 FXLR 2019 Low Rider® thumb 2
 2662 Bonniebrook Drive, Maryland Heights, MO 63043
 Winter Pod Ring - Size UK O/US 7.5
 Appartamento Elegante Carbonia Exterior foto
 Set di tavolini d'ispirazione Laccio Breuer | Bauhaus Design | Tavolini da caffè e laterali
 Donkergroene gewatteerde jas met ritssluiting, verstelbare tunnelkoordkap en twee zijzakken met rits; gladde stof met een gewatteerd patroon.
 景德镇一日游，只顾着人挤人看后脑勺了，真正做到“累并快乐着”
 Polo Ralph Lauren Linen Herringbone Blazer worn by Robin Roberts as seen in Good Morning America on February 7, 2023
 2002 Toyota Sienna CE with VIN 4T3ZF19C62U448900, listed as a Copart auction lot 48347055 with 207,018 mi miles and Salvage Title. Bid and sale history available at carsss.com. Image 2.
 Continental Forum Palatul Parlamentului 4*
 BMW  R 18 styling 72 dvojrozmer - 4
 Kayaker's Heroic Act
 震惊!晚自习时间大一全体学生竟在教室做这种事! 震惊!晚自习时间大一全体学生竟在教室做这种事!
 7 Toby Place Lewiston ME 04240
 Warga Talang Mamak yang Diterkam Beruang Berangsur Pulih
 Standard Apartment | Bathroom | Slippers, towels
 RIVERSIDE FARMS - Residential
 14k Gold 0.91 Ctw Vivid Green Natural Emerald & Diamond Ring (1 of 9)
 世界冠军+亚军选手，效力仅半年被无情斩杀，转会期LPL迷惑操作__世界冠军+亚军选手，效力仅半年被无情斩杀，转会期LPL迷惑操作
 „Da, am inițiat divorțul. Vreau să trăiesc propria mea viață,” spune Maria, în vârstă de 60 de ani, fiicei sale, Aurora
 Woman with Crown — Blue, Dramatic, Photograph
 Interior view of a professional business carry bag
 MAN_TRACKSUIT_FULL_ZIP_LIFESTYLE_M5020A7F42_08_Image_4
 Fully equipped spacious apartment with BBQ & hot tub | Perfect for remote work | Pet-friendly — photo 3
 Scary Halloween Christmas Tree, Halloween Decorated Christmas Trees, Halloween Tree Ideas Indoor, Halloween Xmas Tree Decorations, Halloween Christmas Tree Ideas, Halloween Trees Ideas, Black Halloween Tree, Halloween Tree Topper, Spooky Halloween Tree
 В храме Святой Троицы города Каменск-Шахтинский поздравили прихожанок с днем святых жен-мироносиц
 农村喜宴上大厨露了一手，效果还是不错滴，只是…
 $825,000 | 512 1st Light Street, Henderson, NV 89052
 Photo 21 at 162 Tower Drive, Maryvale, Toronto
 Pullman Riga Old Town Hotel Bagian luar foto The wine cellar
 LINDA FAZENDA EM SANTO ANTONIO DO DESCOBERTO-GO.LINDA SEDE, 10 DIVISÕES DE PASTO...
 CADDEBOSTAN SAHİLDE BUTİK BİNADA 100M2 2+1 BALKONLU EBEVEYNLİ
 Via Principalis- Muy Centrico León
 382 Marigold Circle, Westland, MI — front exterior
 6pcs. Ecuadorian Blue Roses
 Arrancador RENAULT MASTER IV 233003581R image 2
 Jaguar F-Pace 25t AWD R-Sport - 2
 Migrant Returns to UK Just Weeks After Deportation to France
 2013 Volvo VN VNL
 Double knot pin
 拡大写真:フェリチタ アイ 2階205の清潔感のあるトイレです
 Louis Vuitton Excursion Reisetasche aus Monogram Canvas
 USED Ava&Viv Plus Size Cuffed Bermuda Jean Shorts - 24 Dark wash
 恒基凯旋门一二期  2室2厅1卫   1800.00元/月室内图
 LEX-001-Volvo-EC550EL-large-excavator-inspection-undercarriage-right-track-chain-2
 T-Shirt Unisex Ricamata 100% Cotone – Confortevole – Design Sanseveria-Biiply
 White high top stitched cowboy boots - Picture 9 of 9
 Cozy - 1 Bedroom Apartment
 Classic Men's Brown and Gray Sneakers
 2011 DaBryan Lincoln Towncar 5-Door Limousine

▶ Exercise goal
From the records above, print only the lines between the one holding "dvojrozmer - 4" and the one holding "Standard Apartment |", inclusive, exactly as they stand.

▶ Exercise answer
 BMW  R 18 styling 72 dvojrozmer - 4
 Kayaker's Heroic Act
 震惊!晚自习时间大一全体学生竟在教室做这种事! 震惊!晚自习时间大一全体学生竟在教室做这种事!
 7 Toby Place Lewiston ME 04240
 Warga Talang Mamak yang Diterkam Beruang Berangsur Pulih
 Standard Apartment | Bathroom | Slippers, towels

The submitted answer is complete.